**Instructions for the task**
Leave out the pictures, and copy exactly the lines from the line with "6 Pack Folding" through the last line of the data below.

**Data for processing**
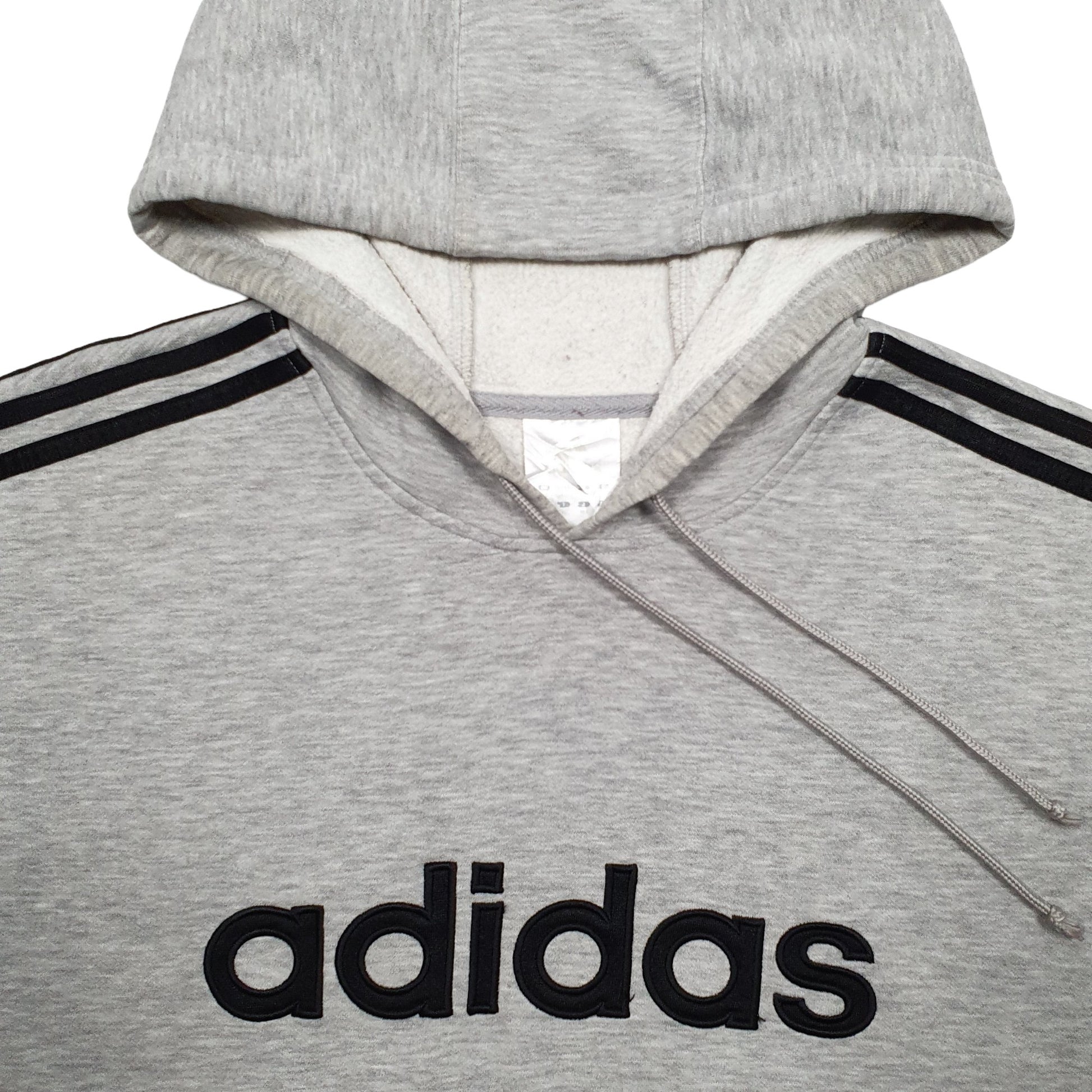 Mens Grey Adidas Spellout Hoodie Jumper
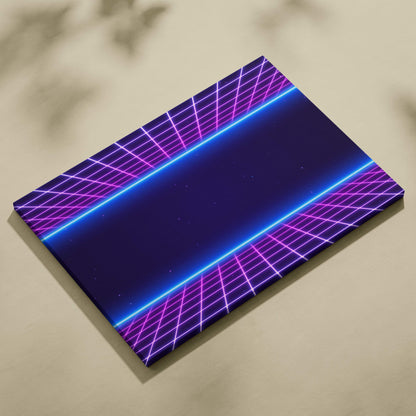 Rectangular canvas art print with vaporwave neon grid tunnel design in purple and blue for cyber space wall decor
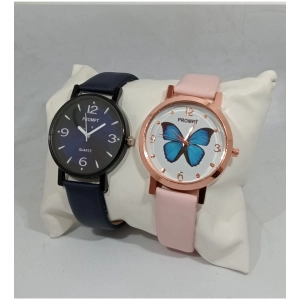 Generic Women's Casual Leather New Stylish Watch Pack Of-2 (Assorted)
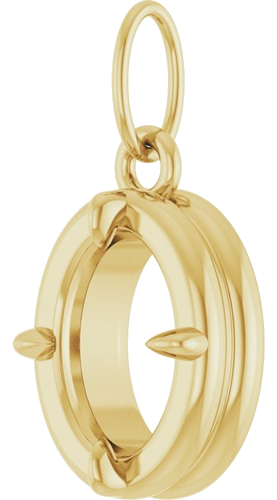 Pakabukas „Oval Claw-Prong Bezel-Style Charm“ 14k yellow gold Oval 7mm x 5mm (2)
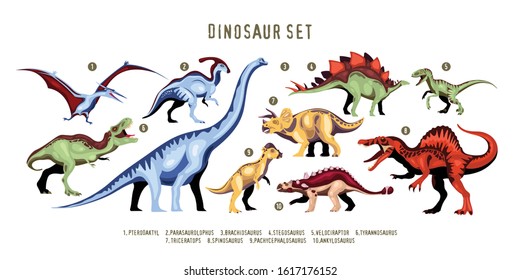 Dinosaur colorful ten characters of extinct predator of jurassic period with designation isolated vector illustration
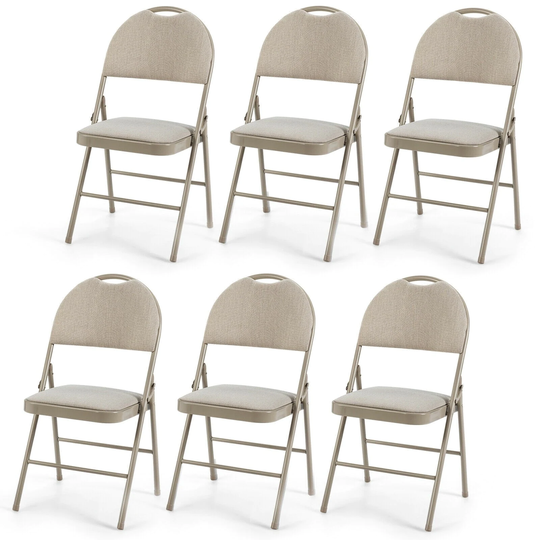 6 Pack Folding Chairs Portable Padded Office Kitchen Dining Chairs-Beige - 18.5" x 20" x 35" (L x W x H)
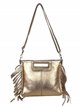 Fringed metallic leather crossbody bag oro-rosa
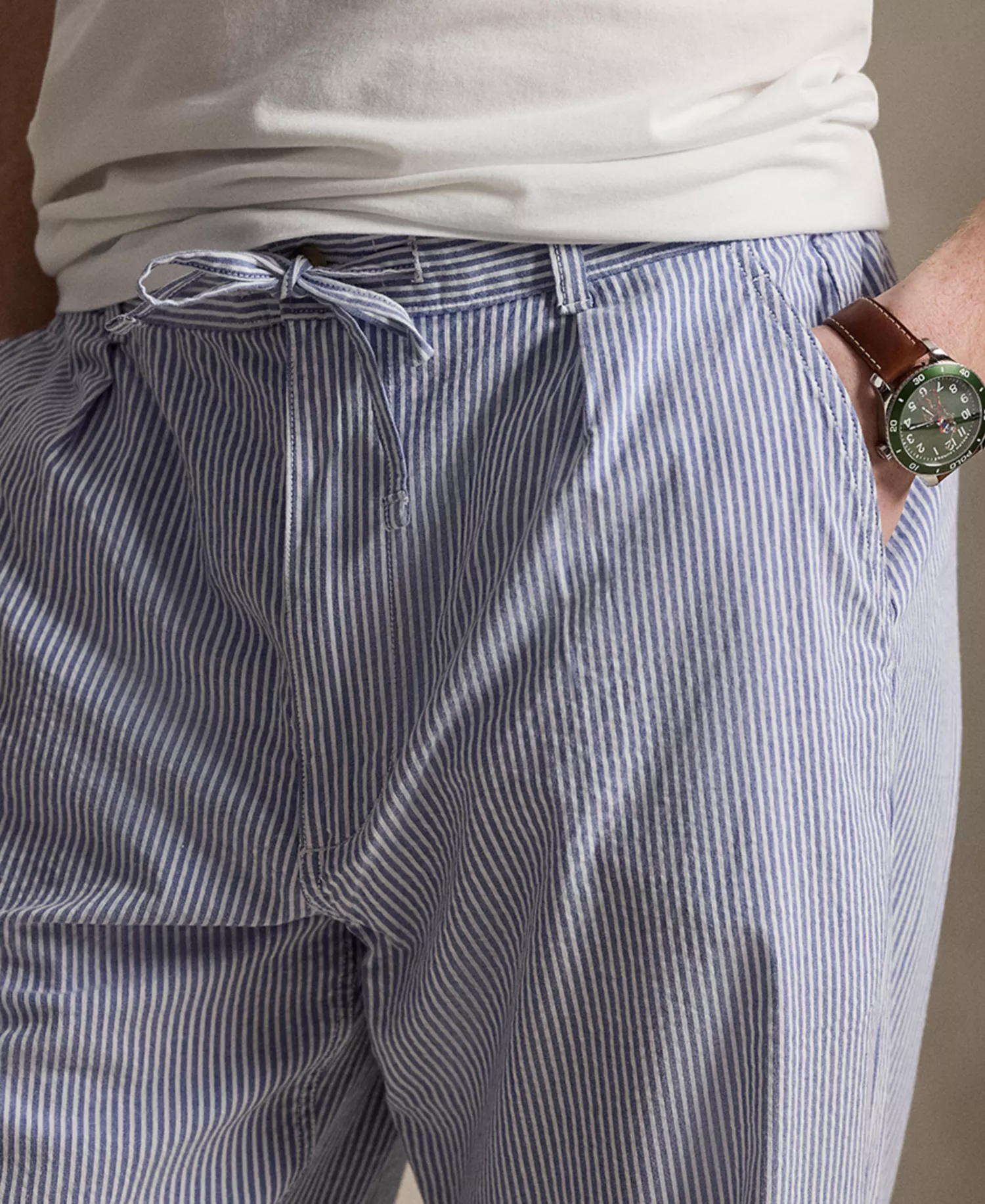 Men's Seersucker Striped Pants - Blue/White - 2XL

**Response for this exercise**
 6 Pack Folding Chairs Portable Padded Office Kitchen Dining Chairs-Beige - 18.5" x 20" x 35" (L x W x H)
 Fringed metallic leather crossbody bag oro-rosa
 Men's Seersucker Striped Pants - Blue/White - 2XL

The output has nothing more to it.